Normally, fall planting is best, especially for divisions, IMO. You are right though, they could be planted out now, but you may damage some of the growing roots.


----------



## cabnc (Jul 21, 2013)

Where is S. Norway ? Near Fredrikstad ??

Charlie


----------



## Eric Muehlbauer (Jul 22, 2013)

Fall planting is definitely best. One problem I have with spring planting is that what looks like a very nice spot in early spring turns out to be a bad choice when it ends up totally overgrown in summer. Planting in fall allows you to see all of the surrounding vegetation, so you can pick the best spot.


----------



## Bjorn (Jul 22, 2013)

Thanks, seems to be best to wait.
B


----------



## Linus_Cello (Jul 22, 2013)

Agreed. I think fall is best. Something you may want to do now is to prep the site (make sure there aren't tree roots, add some additional media for better drainage, etc). 

Another consideration is maybe getting something to help protect the plants.

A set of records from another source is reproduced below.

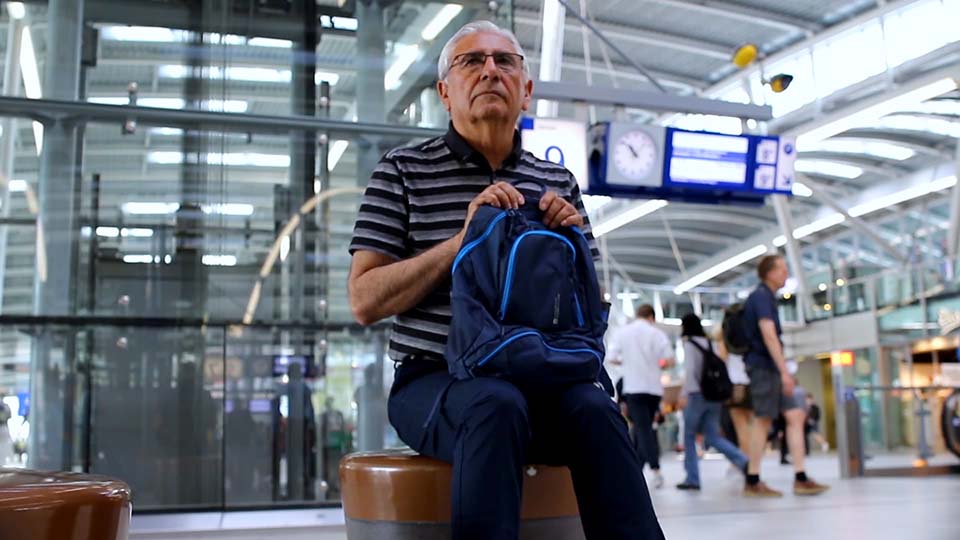 Man sits with backpack on lap at public transportation station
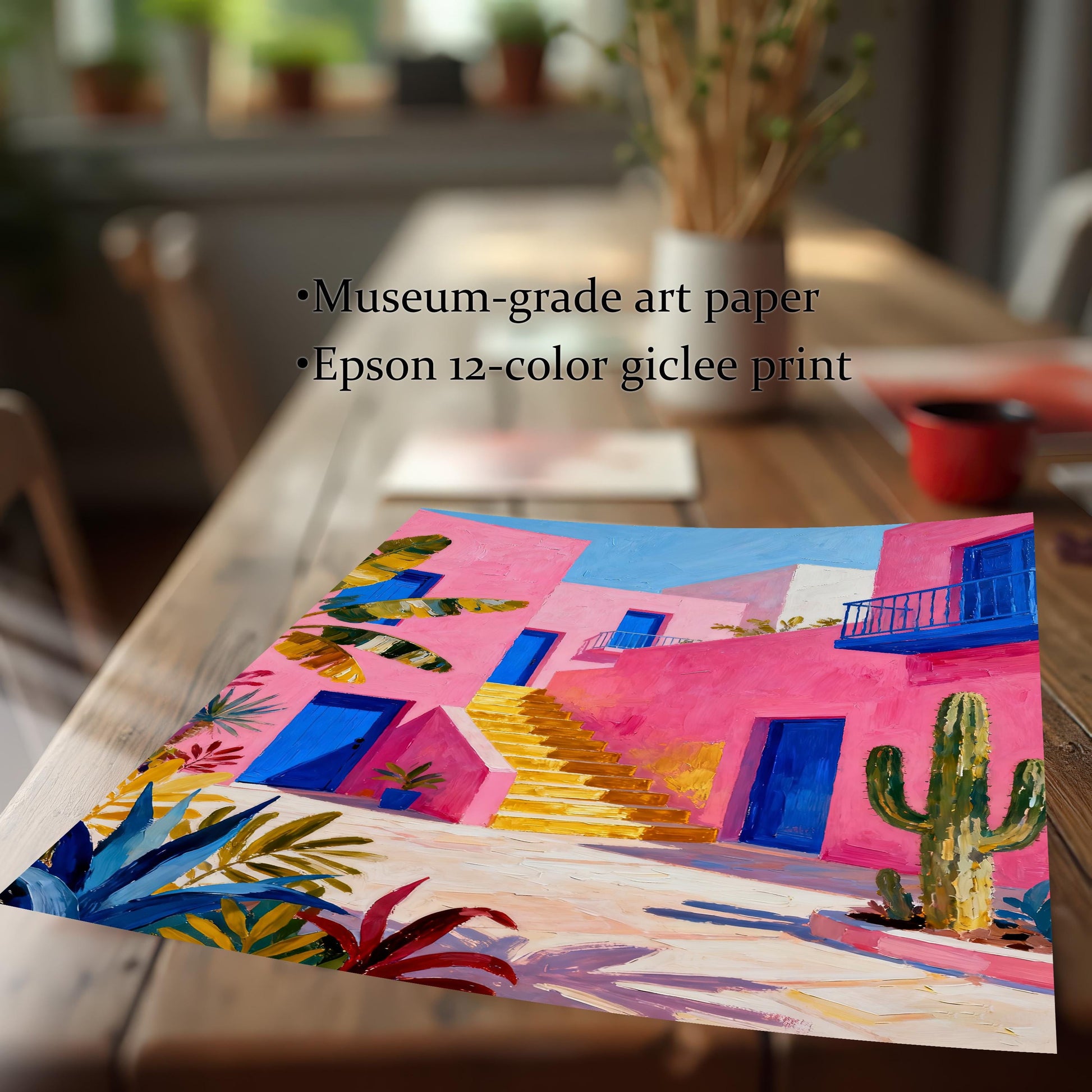 A high-quality print of the vibrant pink building art lying on a wooden table, with text describing the materials: "Museum-grade art paper" and "Epson 12-color giclee print".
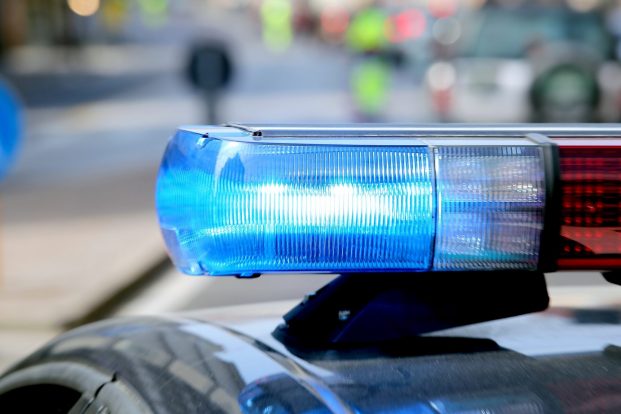 blue flashing police car during a roadblock to hunt down the escaped prisoners
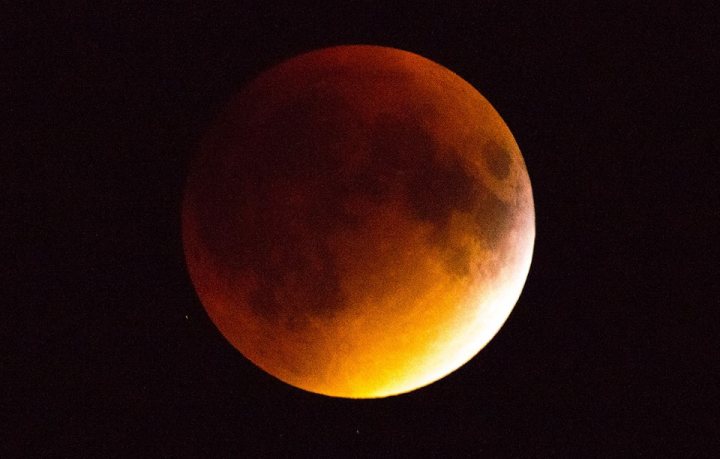 Pistonheads - The image captures a waxing crescent moon, bathed in a deep orange hue. The moon takes center stage against a stark dark sky. The edges and dark areas inside the moon provide intriguing contrast to its illuminated surface. The art style suggests this is an approximation rather than a realistic portrayal.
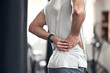 © Van Wyk/peopleimages.com - Hip pain, man and fitness injury at gym for boxing, sport and training with accident at health center. Wellness, hands and exercise of an athlete with hurt joint and scoliosis concern of spine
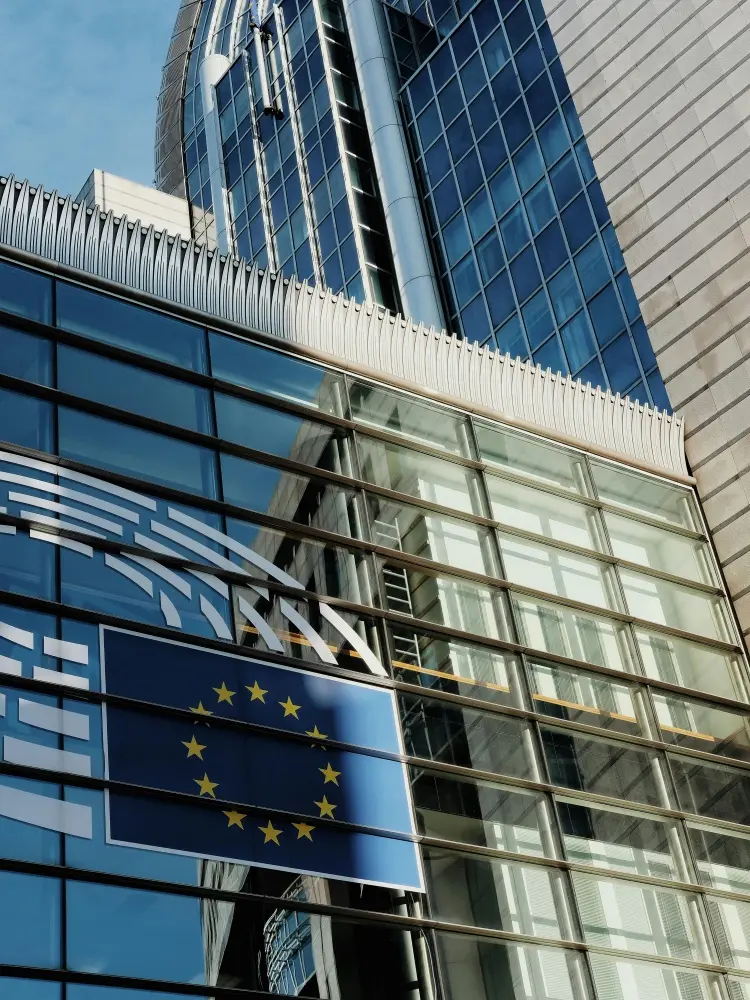 欧盟机构办公楼与欧盟旗帜，展示欧拍基地提供欧盟合规保障、GDPR 数据合规与授权交付服务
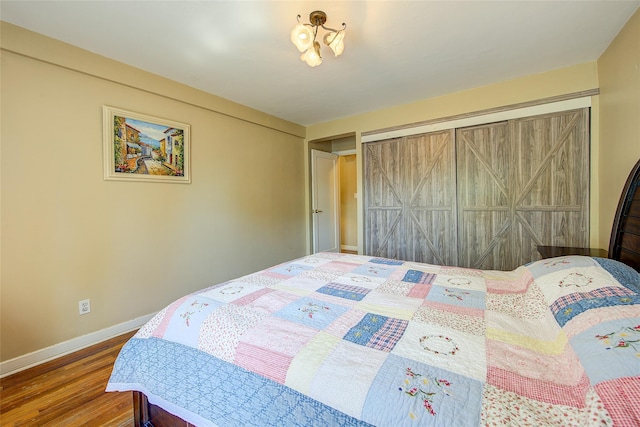 bedroom with wood finished floors and baseboards
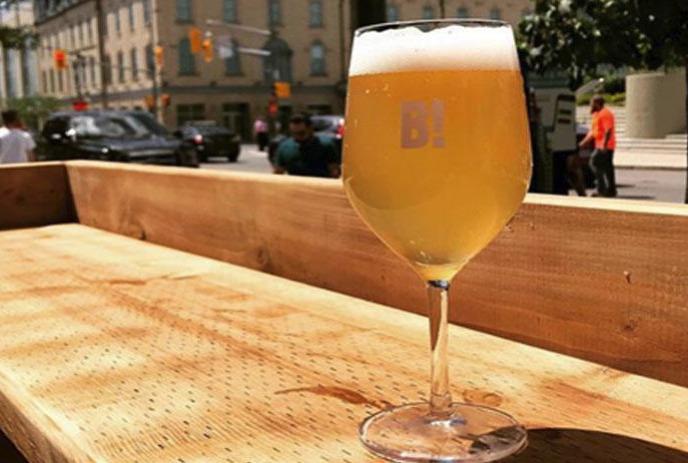 glass full of a beverage on a table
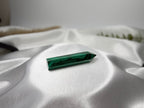 Treasured Energies polished malachite crystal tower with deep green banding resting on white satin fabric.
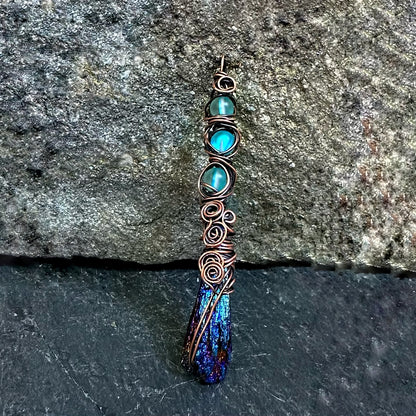 A handmade wire-wrapped pendant featuring three round turquoise-blue beads, copper swirls, and a textured blue and purple kyanite stone at the bottom, displayed against a dark gray stone background.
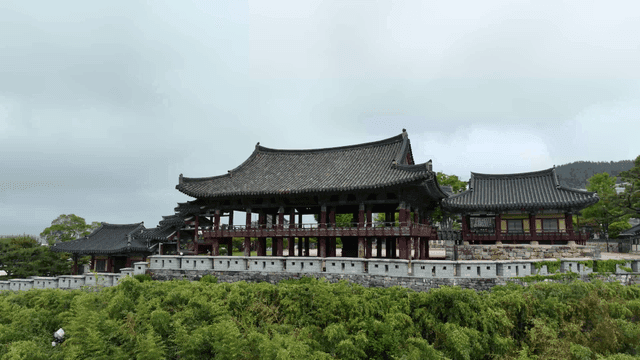 Traditional Korean pavilion surrounded by trees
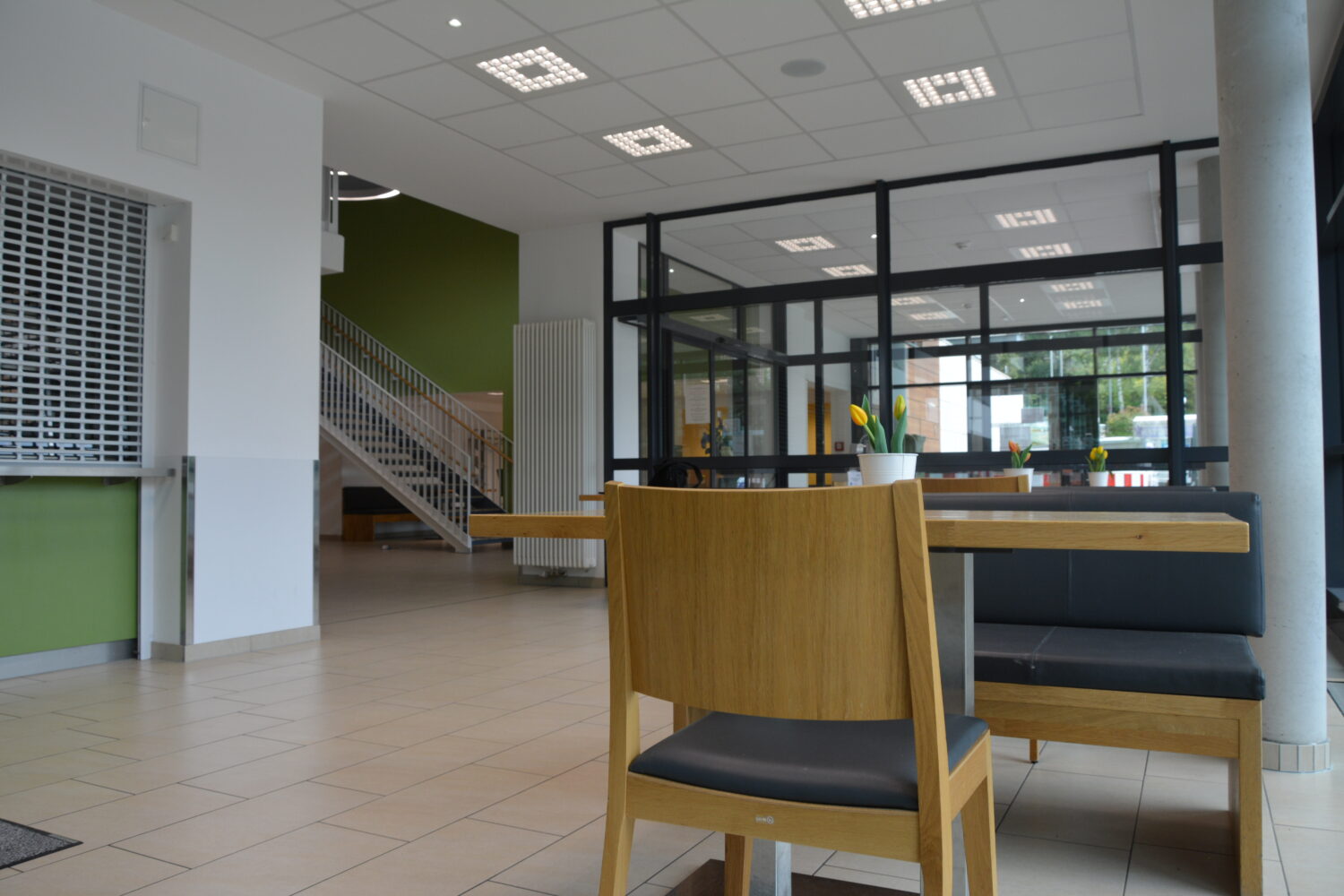 Ein modernes Cafeteria-Interieur mit Holzstühlen und einer Sitzbank, im Hintergrund ist eine Treppe zu sehen, die in ein Obergeschoss führt.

Maybe a cage to help protect shoots next year, and/or to help provide leaf mulch coverage.


----------



## Dido (Jul 23, 2013)

I would go for fall, or you plant them in containers and keep them in the sahde for the first winter. 
If you have a place where you think it is ok start with reginae, they will sell very cehap here this fast grown NL plants. If you like I can give you a address, when you order more you will get a discount and he can clear papers for you. PM if you want to know more. 

Regards Christoph


----------



## Bjorn (Jul 23, 2013)

Thanks Christoph, I collected a dozen or so when I recently was in Germany. Potted of course. So now they are in my garden waiting to be planted. I have a spot in my garden dedicated to Cyps which means that the soil is improved and the plot gets covered with plastic and mulch in case of extremely wet conditions. Cold hardy does not mean that they like being inside a block of ice! I learnt this the hard way. Believe I have got the grip on it now though. But it is a good idea to prepare the soil well, mine is too loamy so I have to add plenty of perlite in order to "air " it up. Mulching is another good idea.


----------